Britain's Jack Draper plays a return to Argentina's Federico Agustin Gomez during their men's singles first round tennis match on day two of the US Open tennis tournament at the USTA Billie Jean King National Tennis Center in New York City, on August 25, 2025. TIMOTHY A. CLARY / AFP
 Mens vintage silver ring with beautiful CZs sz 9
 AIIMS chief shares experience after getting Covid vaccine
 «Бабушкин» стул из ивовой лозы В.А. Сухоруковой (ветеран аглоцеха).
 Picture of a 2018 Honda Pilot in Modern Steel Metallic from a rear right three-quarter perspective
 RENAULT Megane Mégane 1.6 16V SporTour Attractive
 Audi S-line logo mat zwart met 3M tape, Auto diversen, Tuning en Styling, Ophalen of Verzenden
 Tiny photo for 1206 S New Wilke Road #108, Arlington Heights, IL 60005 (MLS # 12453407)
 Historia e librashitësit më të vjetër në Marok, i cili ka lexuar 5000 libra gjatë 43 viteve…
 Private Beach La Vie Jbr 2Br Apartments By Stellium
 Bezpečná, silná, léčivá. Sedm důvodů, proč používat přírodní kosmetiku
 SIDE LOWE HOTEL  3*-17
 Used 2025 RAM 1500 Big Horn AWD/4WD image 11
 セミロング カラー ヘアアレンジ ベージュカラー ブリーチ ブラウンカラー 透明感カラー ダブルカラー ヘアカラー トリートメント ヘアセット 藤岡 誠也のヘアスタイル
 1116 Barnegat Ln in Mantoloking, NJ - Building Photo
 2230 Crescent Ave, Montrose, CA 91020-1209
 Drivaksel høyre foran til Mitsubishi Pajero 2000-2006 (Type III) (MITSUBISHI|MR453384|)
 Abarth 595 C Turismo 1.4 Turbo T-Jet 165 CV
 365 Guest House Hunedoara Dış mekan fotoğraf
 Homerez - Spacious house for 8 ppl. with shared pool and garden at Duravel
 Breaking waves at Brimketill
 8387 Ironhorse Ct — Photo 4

PROBLEM TO WORK ON: Taking the records above as input, show every line in which the word "with" is present.

TASK SOLUTION:
 Mens vintage silver ring with beautiful CZs sz 9
 Homerez - Spacious house for 8 ppl. with shared pool and garden at Duravel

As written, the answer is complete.